Valentine’s Day, as we celebrate it, is a good time to remember the loves of our lives. But, like our celebration of Christmas, this day has become yet another exercise in consumerism.
– In 2012, Americans sent an estimated 150 million greeting cards and spent an average of $126 for Valentine’s Day, providing a $17.5 billion input to the national economy.
– By comparison, average spending on Christmas was around $750 and added an estimated $580 billion to the economy last year.
– About 196 million roses are prepared for Valentine’s Day each year.
– And here are two of the saddest Valentines Day statistics: according to one survey, 53% of women said they would end their relationship if they didn’t get something; and, 14% percent of women send themselves flowers this day.
It seems the business of Valentine’s Day has taken us far from the original intent of the day, which was to honor an early saint of the church.
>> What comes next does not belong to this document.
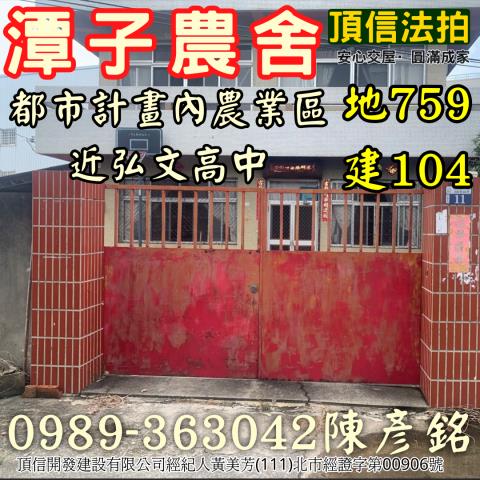 台中潭子法拍屋法拍-1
Valentine’s Day was established to remember the martyrdom of one or more saints by the name of Valentinus in the 200s AD. In the Middle Ages, the day was associated with the tradition of courtly love, with knights pledging their honor to protect fair damsels from whatever evil they might face. But it was 18th century England where the modern practice emerged of expressing love through hand-written cards, flowers and candies. Mass produced cards became a big business in the 19th century, while the 20th century made “accessorizing” this day a must.
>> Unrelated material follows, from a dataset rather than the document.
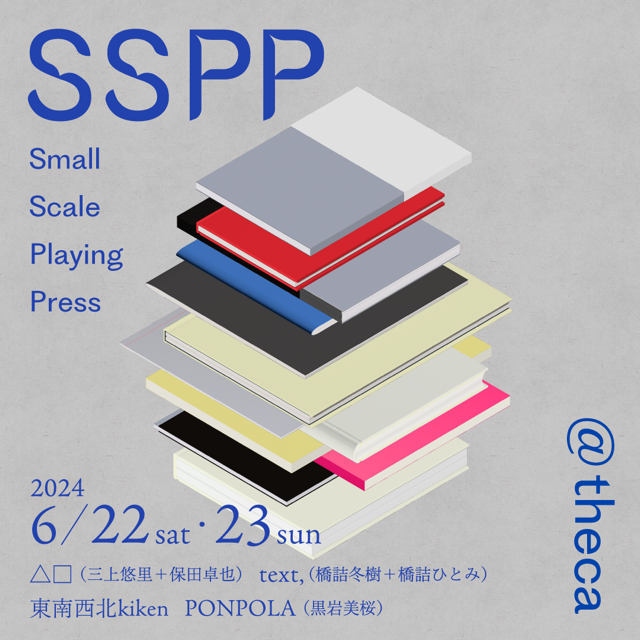 ［EVENT］SSPP【Small Scale Playing Press】2024/6/22(土)-23(日)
All of this seems far removed from the love God demonstrated for us in Christ. And yet, when it comes to love and loyalty, we are no different than our Hebrew and early Christian ancestors in the faith. How many times did the people of Israel turn away from God’s love and break God’s commandments? How many times did the first Christians sin and seem beyond hope of redemption? Too many to count.
And yet God never gives up on God’s people. Here are the words of the prophet Jeremiah:
The days are surely coming, says the Lord, when I will make a new covenant with the house of Israel and the house of Judah…I will put my law within them, and I will write it on their hearts; and I will be their God, and they shall be my people (Jer 31:31, 33).
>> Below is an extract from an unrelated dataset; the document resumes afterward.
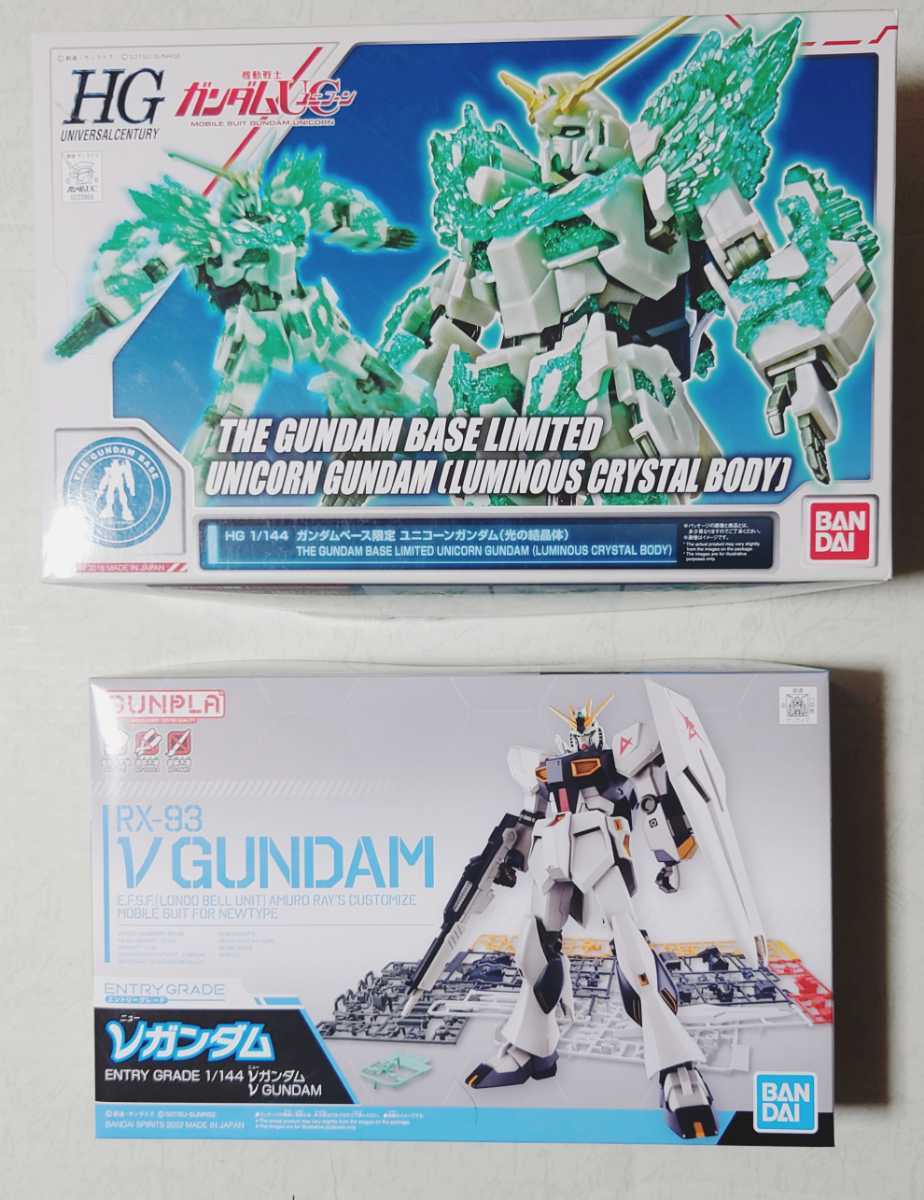 ガンダムベース限定 Hg ユニコーンガンダム 結晶体 Eg Nガンダム 機動戦士ucガンダム アムロ レイ バナージ リンクス 機動戦士ガンダムuc ユニコーン 売買されたオークション情報 Yahooの商品情報をアーカイブ公開 オークファン Aucfan Com ガンダムベース限定 Hg ユニコーンガンダム 結晶体 Eg Nガンダム 機動戦士ucガンダム アムロ レイ バナージ リンクス 機動戦士ガンダムuc ユニコーン 売買されたオークション情報 Yahooの商品情報をアーカイブ公開 オークファン Aucfan Com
What better Valentine could we receive than God’s love, written on our hearts? That Valentine came to us in the form of a man—Jesus, the Son of God. In Jesus, there was no mistaking this message that God’s love is for us; it is complete; and, it is unrelenting.
The gift of the Holy Spirit fulfills the promise from Jeremiah that God’s law and God’s love will be inscribed on our hearts. The Holy Spirit is working God’s love into us, like yeast being worked into dough. This is not something that happens in one day. It takes a lifetime for God to work God’s love into us. But God will never leave this job undone. And that is very good news for Valentine’s Day, or any other day.
So when you receive your Valentines this year, remember the best Valentine of all is the one that comes to you, postage free, straight from the living God.